Lebaran hari kedua, saya dan keluarga manfaatkan waktu untuk kunjungi sanak- saudara serta handai tolan. Menyambung tali silaturahmi sambil bermaaf-maafan di hari nan fitri. Terakhir, sebelum kembali ke rumah, kami sambangi rumah salah satu teman yang miliki dua orang anak yang masih kecil. Suasana ceria dan girang pun terbangun di rumahnya  yang bergaya minimalis nan asri.

Cukup lama kami tak berjumpa, akibat kesibukan masing-masing. Tampak di atas meja ruang tamu tersaji aneka kue lebaran serta minuman ringan (bersoda)  yang sebenarnya tak terlalu saya sukai. Saat lagi asyik bercerita sambil senda gurau, tiba-tiba dua putra teman saya itu saling kejar-kejaran. Kemudian diam sejenak sambil berhadap-hadapan. Lantas mereka mengaum layaknya suara harimau. Keduanya saling bersahut-sahutan dengan nada suara tinggi.

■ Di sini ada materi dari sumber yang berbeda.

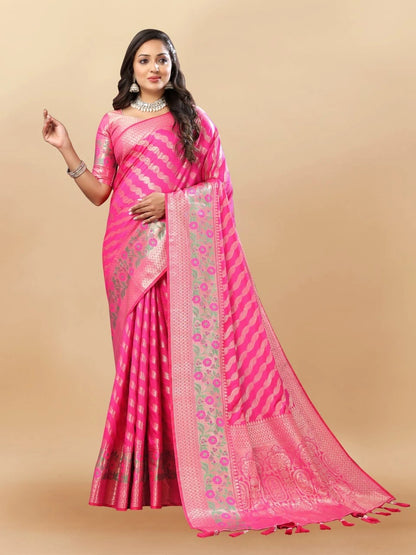 Soft Silk Saree with Gold Zari Lehriya, Rich Meenakari Weaving & Tassel Pallu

Episode selanjutnya kedua bocah itu saling cakar-mencakar. Menerkam, kemudian saling membanting. Yang jadi korban justru kue dan gelas minuman ringan tadi. Jatuh berhamburan di lantai. Sebab kaki meja di ruang tamu itu kena terjangan kaki salah satu bocah. Suasana ceria pun berubah gaduh. Terjadi “kerusuhan” dalam skala kecil. Yang aneh, bukannya melerai. Istri teman saya ini justru tertawa terbahak-bahak melihat ulah kedua anaknya peragakan adegan laga. Mirip  cerita sinetron yang lagi ditayangkan setiap malam di layar kaca salah satu stasiun TV swasta nasional. Bisa jadi ia berharap kelak dewasa sang anak akan menjadi jawara silat atau tinju? Wallahu’alam.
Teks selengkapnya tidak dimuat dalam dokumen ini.